Yeah, also this means the death of archival efforts like the Internet Archive.

jeroenhd · 2025-04-19T22:09:26 1745100566

Welcome scrapers (IA, maybe Google and Bing) can publish their IP addresses and get whitelisted. Websites that want to prevent being on the Internet Archive can pretty much just ask for their website to be excluded (even retroactively).

[Cloudflare](https://developers.cloudflare.com/cache/troubleshooting/alwa...) tags the internet archive as operating from 207.241.224.0/20 and 208.70.24.0/21 so disabling the bot-prevention framework on connections from there should be enough.

realusername · 2025-04-20T02:22:27 1745115747

That's basically asking to close the market in favor of the current actors.

New actors have the right to emerge.

jeroenhd · 2025-04-20T08:10:14 1745136614

They have the right to try to convince me to let them scrape me. Most of the time they're thinly veiled data traders. I haven't seen any new company try to scrape my stuff since maybe Kagi.

Kagi is welcome to scrape from their IP addresses. Other bots that behave are fine too (Huawei and various other Chinese bots don't and I've had to put an IP block on those).

0dayz · 2025-04-20T04:39:46 1745123986

No they don't.

There's no rule that you have to let anyone in who claims to be a web crawler.

realusername · 2025-04-20T07:54:43 1745135683

So who decides that you can be one? Right now it's Cloudflare, a litteral monopoly...
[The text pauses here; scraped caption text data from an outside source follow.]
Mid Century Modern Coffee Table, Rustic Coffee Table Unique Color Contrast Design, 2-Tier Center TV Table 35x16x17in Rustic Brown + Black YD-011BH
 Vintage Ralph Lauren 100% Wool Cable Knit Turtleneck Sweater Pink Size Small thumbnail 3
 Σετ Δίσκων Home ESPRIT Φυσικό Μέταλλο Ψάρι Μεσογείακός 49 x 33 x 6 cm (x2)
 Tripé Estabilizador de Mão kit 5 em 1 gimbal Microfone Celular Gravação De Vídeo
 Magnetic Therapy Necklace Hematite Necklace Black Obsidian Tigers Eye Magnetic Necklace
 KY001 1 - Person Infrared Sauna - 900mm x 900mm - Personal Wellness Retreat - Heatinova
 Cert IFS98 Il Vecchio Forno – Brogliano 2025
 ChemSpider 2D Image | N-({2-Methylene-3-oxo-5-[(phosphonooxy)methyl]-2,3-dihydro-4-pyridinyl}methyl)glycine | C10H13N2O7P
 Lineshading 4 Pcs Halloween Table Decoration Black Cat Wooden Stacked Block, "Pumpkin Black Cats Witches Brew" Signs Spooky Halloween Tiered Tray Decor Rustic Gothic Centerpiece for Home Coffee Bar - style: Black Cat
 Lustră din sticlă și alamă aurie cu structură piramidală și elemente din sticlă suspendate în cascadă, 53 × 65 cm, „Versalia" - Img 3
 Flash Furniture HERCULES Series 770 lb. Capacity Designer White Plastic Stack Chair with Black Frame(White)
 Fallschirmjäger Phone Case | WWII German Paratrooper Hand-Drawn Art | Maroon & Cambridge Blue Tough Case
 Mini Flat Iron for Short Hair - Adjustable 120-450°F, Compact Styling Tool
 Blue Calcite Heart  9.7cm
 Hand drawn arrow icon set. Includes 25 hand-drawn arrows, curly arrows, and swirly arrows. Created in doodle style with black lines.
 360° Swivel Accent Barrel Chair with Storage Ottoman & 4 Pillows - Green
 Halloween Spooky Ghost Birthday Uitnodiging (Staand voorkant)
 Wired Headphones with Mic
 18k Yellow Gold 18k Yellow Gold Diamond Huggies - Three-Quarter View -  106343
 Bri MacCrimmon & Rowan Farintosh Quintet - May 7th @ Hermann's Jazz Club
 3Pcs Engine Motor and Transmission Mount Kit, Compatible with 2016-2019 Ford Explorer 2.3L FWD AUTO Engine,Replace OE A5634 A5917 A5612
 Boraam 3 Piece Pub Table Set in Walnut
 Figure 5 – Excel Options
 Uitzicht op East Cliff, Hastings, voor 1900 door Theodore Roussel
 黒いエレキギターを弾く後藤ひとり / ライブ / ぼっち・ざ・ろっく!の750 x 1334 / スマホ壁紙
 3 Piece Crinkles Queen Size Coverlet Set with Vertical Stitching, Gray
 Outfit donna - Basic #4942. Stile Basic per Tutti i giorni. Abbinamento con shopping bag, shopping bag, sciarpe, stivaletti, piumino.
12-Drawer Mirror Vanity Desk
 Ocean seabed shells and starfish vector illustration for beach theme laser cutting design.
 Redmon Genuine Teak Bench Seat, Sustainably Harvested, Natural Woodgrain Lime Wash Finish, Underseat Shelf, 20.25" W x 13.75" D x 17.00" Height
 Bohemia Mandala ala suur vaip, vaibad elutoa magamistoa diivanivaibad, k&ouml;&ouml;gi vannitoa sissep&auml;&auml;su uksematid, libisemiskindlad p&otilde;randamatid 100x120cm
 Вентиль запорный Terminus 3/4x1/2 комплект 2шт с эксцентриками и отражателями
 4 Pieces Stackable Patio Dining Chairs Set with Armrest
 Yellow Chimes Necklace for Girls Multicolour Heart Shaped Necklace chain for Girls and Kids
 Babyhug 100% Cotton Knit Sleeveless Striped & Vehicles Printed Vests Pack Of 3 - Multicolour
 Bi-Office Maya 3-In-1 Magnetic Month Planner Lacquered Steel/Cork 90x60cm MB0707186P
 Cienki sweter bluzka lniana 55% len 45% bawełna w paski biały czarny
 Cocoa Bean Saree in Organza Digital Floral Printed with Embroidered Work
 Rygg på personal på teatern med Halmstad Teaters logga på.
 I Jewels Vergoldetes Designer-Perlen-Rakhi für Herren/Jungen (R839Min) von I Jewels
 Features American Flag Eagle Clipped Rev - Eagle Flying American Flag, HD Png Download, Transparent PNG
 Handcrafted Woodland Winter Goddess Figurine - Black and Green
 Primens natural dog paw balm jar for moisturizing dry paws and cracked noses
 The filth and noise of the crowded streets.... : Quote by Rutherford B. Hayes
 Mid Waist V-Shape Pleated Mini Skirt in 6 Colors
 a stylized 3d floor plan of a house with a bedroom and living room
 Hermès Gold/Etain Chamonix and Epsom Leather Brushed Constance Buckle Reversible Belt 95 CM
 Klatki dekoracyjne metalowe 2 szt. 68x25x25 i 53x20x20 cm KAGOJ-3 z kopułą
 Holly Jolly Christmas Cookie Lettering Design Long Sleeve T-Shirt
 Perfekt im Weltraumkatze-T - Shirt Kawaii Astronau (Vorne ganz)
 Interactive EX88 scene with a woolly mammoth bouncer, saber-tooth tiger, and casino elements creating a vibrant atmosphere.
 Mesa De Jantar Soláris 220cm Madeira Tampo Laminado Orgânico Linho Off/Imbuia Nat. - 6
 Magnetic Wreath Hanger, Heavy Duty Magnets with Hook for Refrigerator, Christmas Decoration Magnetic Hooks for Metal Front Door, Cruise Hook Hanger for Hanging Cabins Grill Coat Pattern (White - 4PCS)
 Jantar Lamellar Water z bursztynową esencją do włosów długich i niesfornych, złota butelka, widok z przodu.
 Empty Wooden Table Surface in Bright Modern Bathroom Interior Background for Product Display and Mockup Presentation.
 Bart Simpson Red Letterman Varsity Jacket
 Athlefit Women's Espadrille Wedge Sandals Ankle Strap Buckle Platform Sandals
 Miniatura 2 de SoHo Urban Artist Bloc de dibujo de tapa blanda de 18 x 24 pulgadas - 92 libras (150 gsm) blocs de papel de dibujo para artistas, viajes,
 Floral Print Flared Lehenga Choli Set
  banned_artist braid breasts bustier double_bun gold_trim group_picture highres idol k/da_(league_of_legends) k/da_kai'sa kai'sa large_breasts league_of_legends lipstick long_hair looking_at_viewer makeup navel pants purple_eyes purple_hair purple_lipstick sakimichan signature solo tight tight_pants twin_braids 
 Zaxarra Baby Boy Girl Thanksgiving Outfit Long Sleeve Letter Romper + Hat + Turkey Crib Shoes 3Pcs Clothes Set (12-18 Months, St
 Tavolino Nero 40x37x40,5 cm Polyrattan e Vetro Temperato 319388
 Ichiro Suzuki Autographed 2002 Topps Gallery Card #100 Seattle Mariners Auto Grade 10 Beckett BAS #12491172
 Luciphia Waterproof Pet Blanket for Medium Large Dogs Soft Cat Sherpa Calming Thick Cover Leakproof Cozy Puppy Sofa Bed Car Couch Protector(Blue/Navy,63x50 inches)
The truth is that I sympathize with the people trying to use mobile connections to bypass such a cartel.

What Cloudflare is doing now is worse than the web crawlers themselves and the legality of blocking crawlers with a monopoly is dubious at best.

areyourllySorry · 2025-04-20T06:54:56 1745132096

which is why they will stop claiming to be one.

chii · 2025-04-20T07:27:24 1745134044

so what happened to competition fostering a better outcome for all then?

areyourllySorry · 2025-04-20T06:54:18 1745132058

a large chunk of internet archive's snapshots are from archiveteam, where "warriors" bring their own ips (and they crawl respectfully!). save page now is important too, but you don't realise what is useful until you lose it.

trinsic2 · 2025-04-20T01:22:39 1745112159

This sounds like it would be a good idea. Create a whitelist of IPs and block the rest.